Honda delivered its first coporately-leased all-electric Fit EV back in December 2010 to the city of Torrence, California, one month after announcing it at the 2010 Los Angeles Auto Show

Since then, Honda has continued deliveries of its Fit EV to fleet customers, but at the start of last week, nearly nineteen months after the first Fit EV hit the streets, it still hadn't delivered a Fit EV to a private customer.

That changed on Friday, when Honda successfully delivered the first privately-leased 2013 Fit EV to a couple from Southern California.

According to its official press release, Matt and Becky Walton, from Ventura County, are long-time Honda fans, having driven various Honda cars since the mid 1970s. 

They plan to use the Fit EV as their primary car, making longer-distance trips in a 2012 Honda Odyssey.

Read our 2013 Honda Fit EV First Drive Report

Fitted with the same 92 kilowatt motor found in Honda’s FCX Clarity hydrogen fuel-cell vehicle, the 2013 Honda Fit EV can give some pretty punchy performance.

With an official EPA-approved range of 82 miles and gas mileage equivalent efficiency of 118 MPGe, the four-seat Honda Fit EV is also the most efficient electric car available today. 
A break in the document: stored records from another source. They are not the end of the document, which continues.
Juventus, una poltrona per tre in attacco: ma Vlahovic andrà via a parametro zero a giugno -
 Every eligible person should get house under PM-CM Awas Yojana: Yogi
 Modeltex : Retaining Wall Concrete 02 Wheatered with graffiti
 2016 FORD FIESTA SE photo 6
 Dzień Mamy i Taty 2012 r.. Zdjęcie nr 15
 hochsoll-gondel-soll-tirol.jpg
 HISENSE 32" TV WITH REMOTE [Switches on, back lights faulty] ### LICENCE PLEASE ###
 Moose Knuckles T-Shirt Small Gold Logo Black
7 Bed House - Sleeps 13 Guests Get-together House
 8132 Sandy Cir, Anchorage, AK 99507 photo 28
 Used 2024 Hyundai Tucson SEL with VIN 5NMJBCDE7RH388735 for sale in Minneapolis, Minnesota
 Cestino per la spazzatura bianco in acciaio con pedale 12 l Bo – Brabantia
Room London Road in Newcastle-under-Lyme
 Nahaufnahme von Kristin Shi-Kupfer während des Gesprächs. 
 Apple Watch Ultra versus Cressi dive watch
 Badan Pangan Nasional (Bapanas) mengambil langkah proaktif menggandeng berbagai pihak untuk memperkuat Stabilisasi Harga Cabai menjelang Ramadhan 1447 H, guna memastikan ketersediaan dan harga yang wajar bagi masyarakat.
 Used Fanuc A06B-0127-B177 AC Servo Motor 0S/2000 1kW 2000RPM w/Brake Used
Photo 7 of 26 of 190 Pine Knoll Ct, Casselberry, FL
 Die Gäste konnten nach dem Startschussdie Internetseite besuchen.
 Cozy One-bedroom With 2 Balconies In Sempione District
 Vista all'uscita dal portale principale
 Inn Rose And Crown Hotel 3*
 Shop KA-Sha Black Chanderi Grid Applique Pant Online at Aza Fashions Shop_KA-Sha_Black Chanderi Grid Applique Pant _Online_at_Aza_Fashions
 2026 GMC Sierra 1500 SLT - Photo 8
Thanks to its built-in 6.6-kilowatt charger, the compact hatchback charges from empty to full in under 3 hours, half the time it takes to charge the 2012 Nissan Leaf.

But despite its impressive figures, the 2013 Honda Fit is a “compliance car,” a vehicle built to ensure Honda meets California rules requiring sales of a certain number of zero-emission vehicles. 

As a consequence, Honda will only make 1,100 Fit EVs in during 2013 and 2014, and lease them to customers for $389 per month for three years. 

There’s another catch too: Honda is only making the car available in select parts of California and Oregon, and is vetting every single would-be Fit EV driver to make sure his or her lifestyle is suitable for the Fit EV.

And that’s a shame, because when we drove the Fit EV earlier this year, we said we’d likely choose it over a Nissan Leaf.

That’s if we could buy one, of course.